• _BRIEF_: Take the records below from their first line through the line holding "Close-up of red", and set each of those lines down exactly, without pictures.

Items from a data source
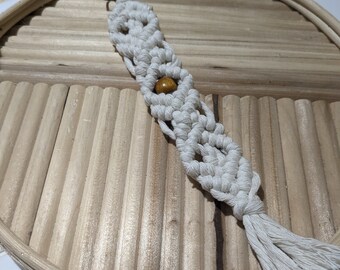 May include: Cream-colored macrame keychain with a wooden bead accent and a tassel. The keychain is attached to a bronze-colored clasp. The macrame is displayed on a light brown, round, wooden tray.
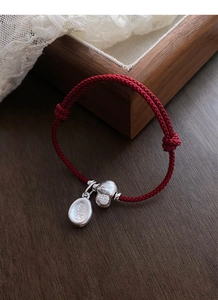 Close-up of red woven bracelet with silver lucky bag and Xile character charms
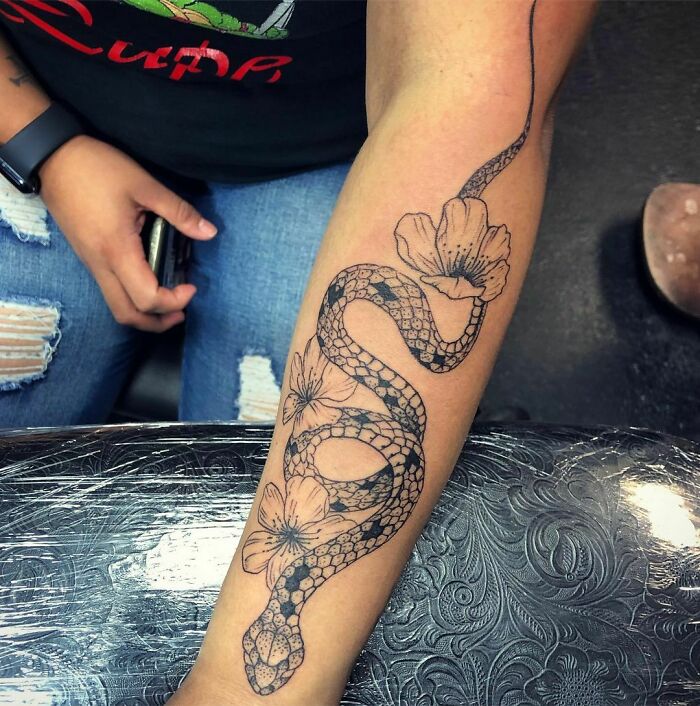 Forearm tattoo of a snake intertwined with flowers, showcasing intricate snake tattoo design.
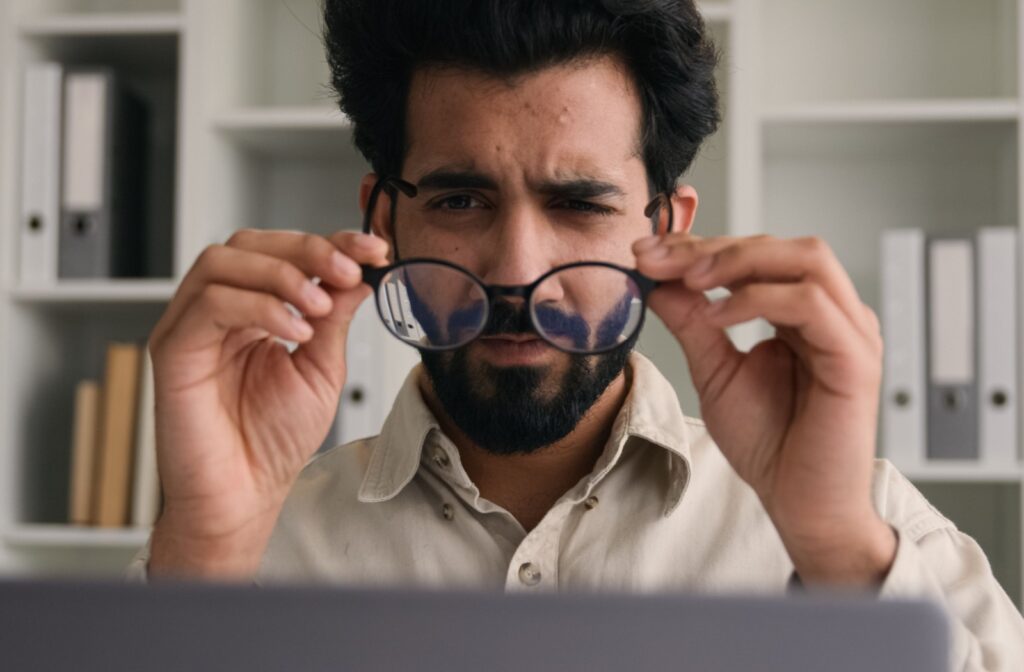 A person with a beard lifts his glasses while looking at a laptop screen, appearing to squint or concentrate.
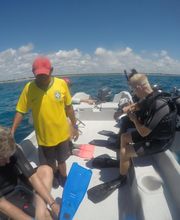 Personas en bote preparándose para bucear en el mar bajo un cielo azul.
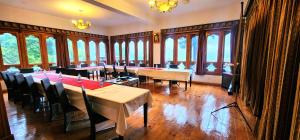 een grote kamer met tafels, stoelen en ramen bij Tiger's Nest Resort - Best Resort In Paro in Paro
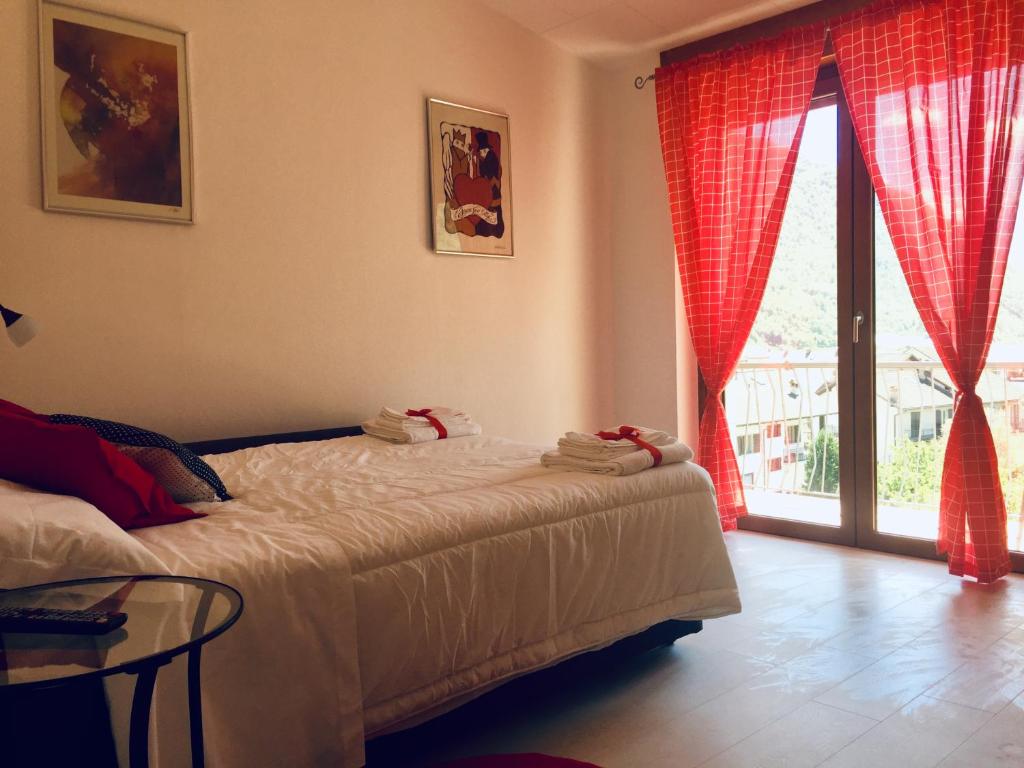 um quarto com uma cama, uma mesa e uma janela em Dimora del cuore em Tirano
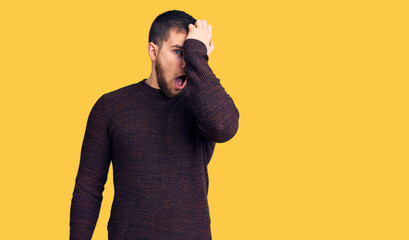 Young handsome man wearing casual sweater surprised with hand on head for mistake, remember error....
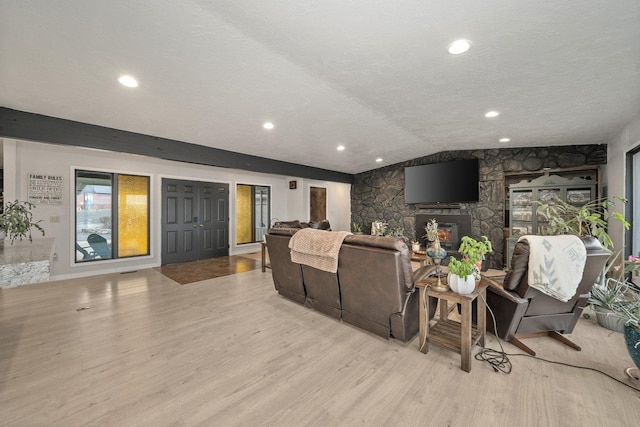 313 SE Trinity Ave, Wilbur, WA 99185 - cinema with wood finished floors, a stone fireplace, recessed lighting, and vaulted ceiling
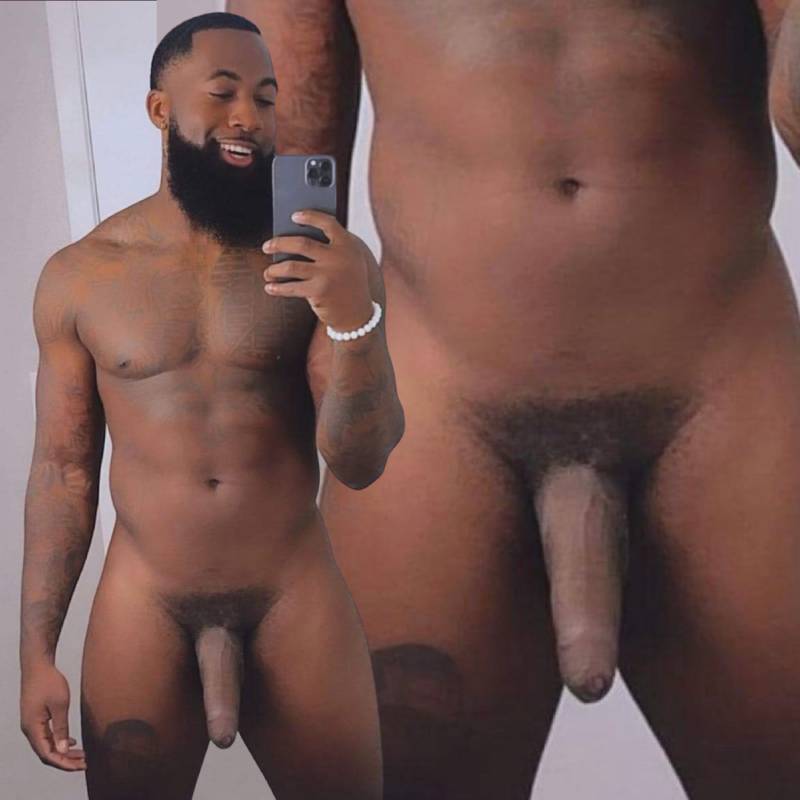 Uncut black shaft hanging low in photo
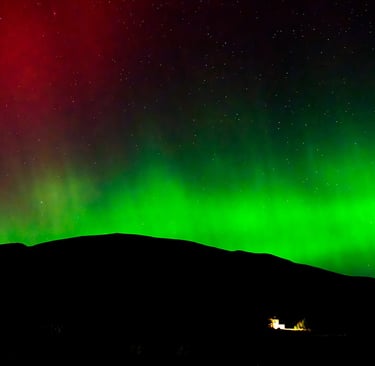 Aurora Borealis Northern Lights bright green and red auroras in the Scottish Highlands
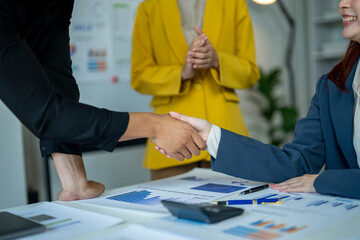 Three women shake hands in a business meeting. The woman on the left shakes hands with the woman in...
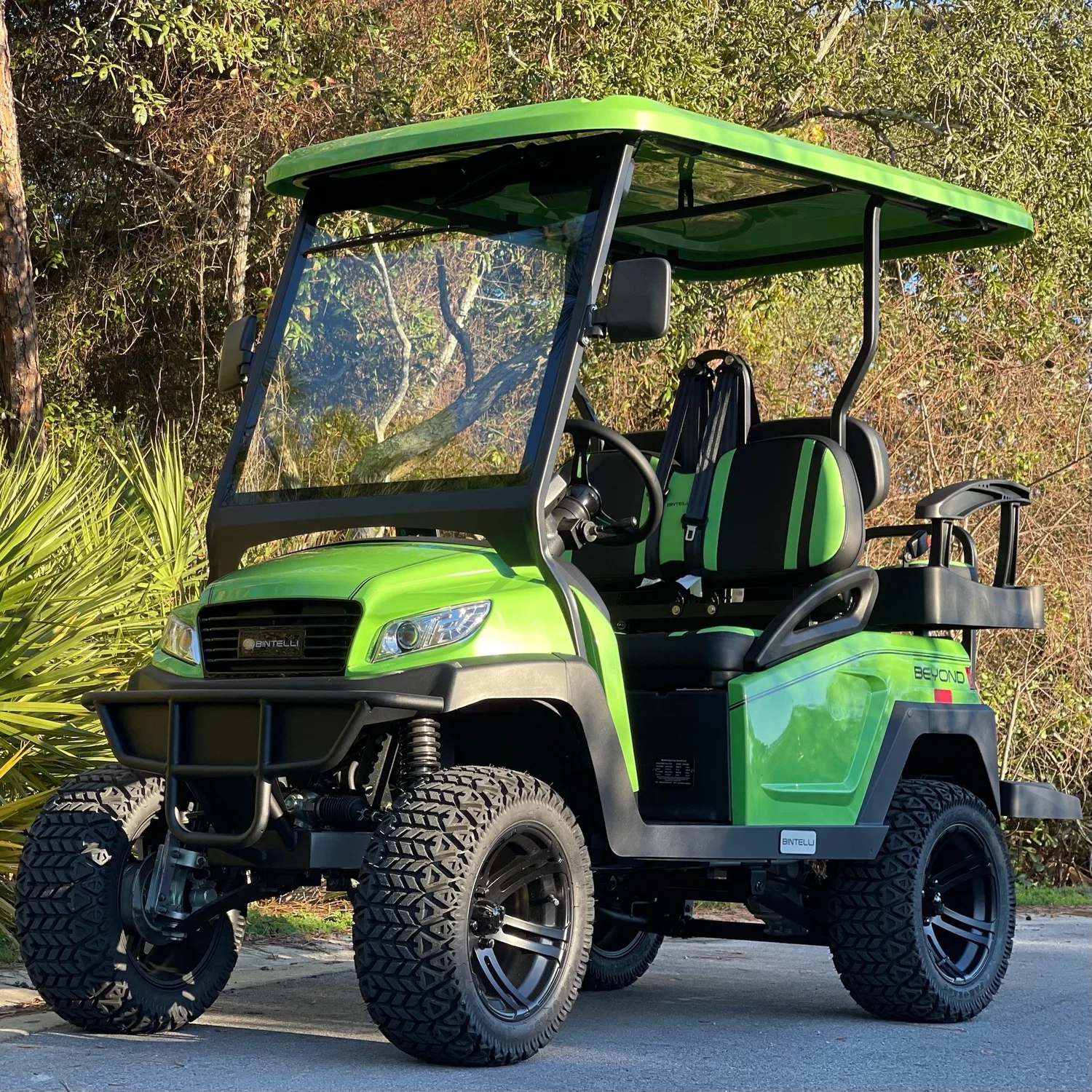 L4LB41L lime green lifted 4 seat electric street legal golf cart LSV on the Emerald Coast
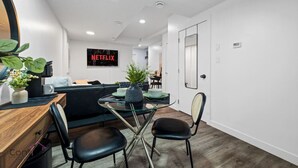 A modern, well-lit room with a glass-top dining table, black chairs, a wooden desk, and a potted plant. A large TV screen displays the Netflix logo. - Cozy 2BR Bsmt Suite | Near Commonwealth & Rogers! (Edmonton)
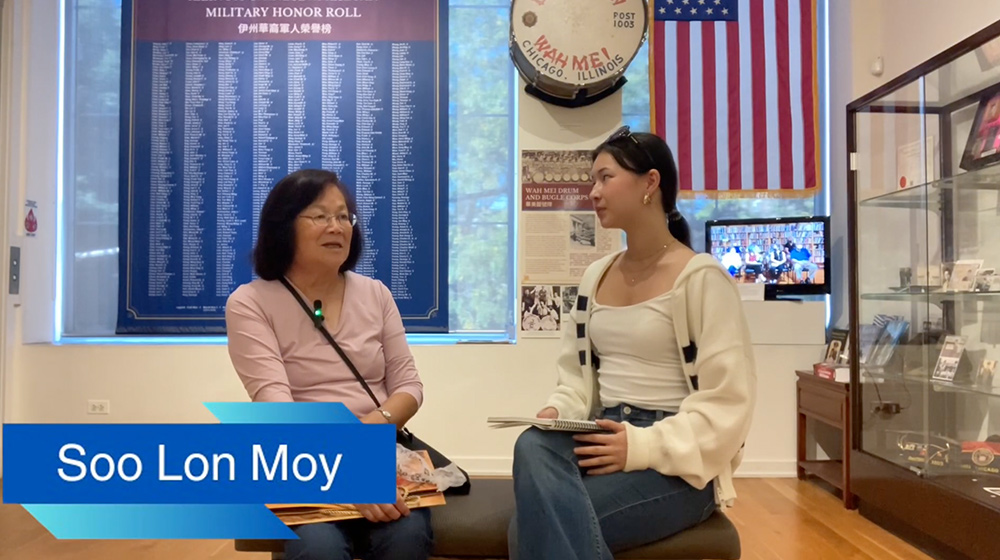 Two people sit together in a museum space conducting an interview, surrounded by historical displays, memorial plaques, and an American flag.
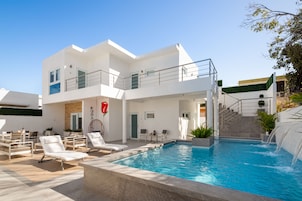 Un edificio moderno de dos pisos con piscina, mobiliario exterior y una escalera que conduce a una terraza en la azotea.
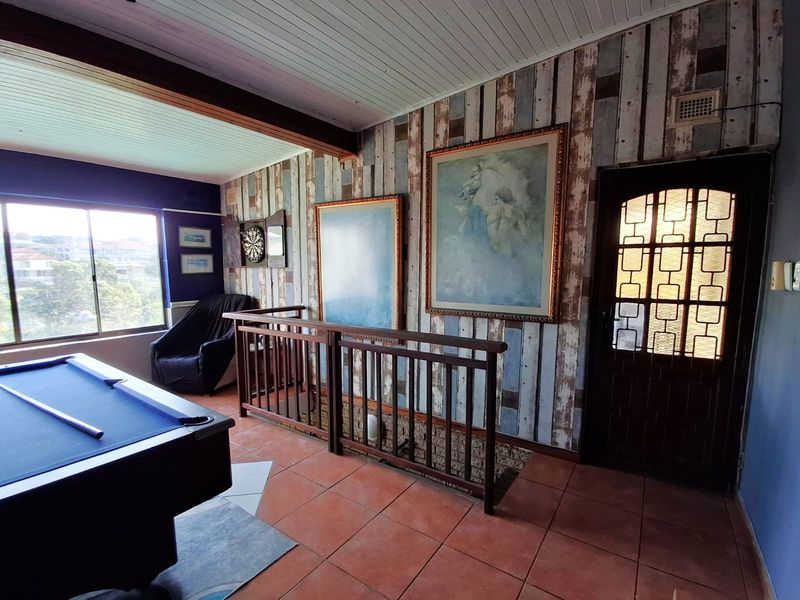 A living area featuring terracotta floor tiles, a timber balustrade, and a decorative leaded glass door with access to an elevated view.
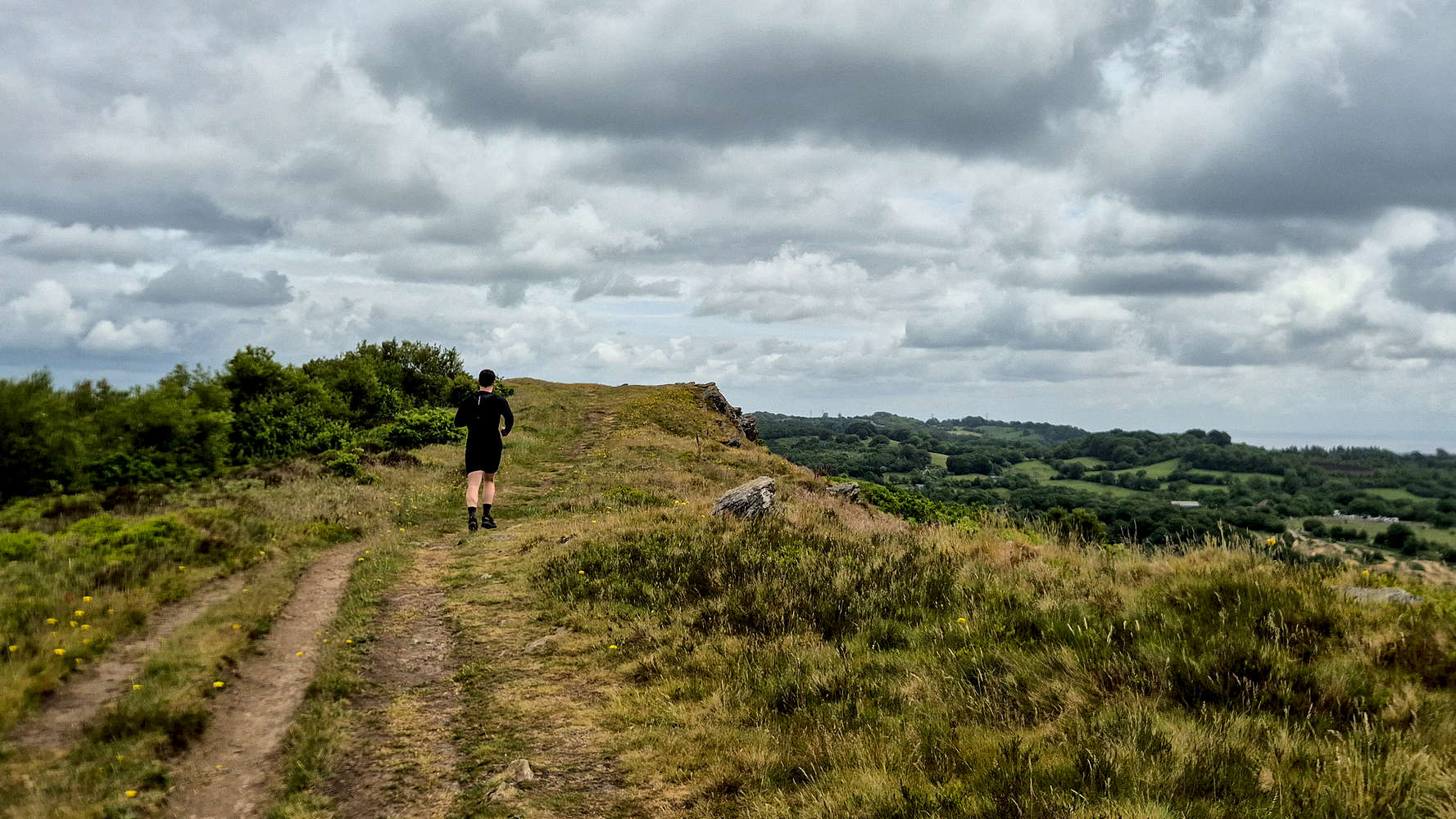 Runner at the top of Craig yr Allt (273m).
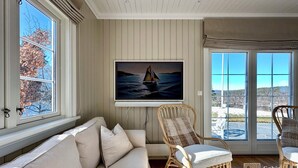 A living room with a sofa, two wicker chairs, a flat-screen TV, and a large window with a scenic view. - Premium Villa included Boat, Golf Cart & Sea View, Kragerø SPA Resort vicinity (Kragerø)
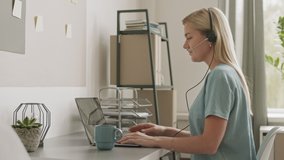 Medium close-up in profile of blond-haired Caucasian young woman sitting by desk at home office having video conference via laptop. Girl using earphones with mic, gesticulating, smiling, talking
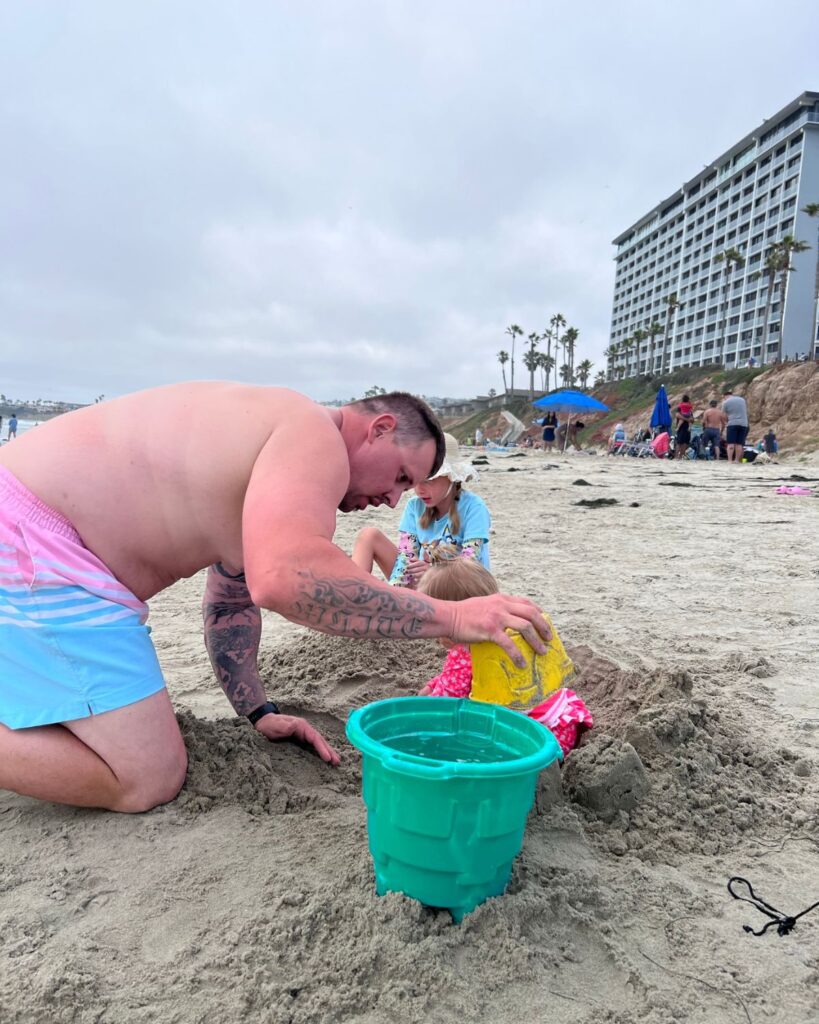 Dad helping the girls build sandcastles on Pacific Beach in front of Pacific Terrace Hotel.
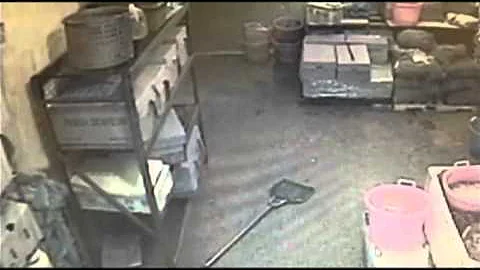 Raw: Burglar With Five Gallon Bucket on His Head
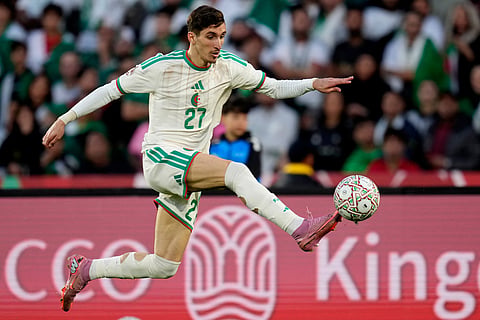 Algeria's Adil Boulbina controls the ball during the Africa Cup of Nations quarterfinal soccer match between Nigeria and Algeria, in Marrakech, Morocco.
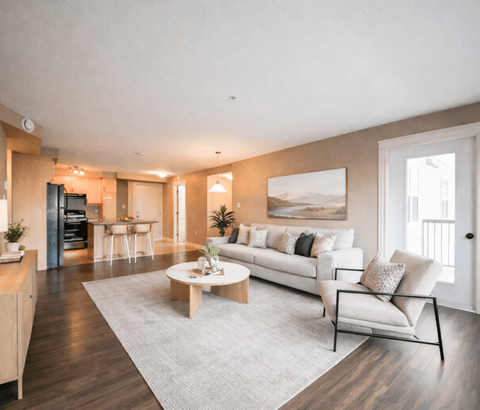A modern living room with a white sofa and a coffee table.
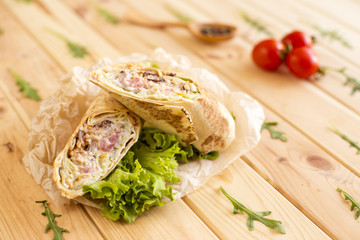 Pepper corn bean quinoa burritos on wood background. Selective focus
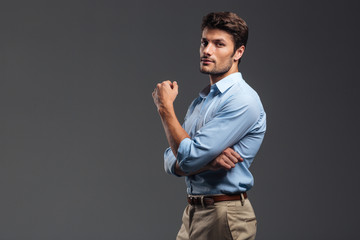 Side view of a successful handsome man with arms folded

• _YOUR RESPONSE_:
 May include: Cream-colored macrame keychain with a wooden bead accent and a tassel. The keychain is attached to a bronze-colored clasp. The macrame is displayed on a light brown, round, wooden tray.
 Close-up of red woven bracelet with silver lucky bag and Xile character charms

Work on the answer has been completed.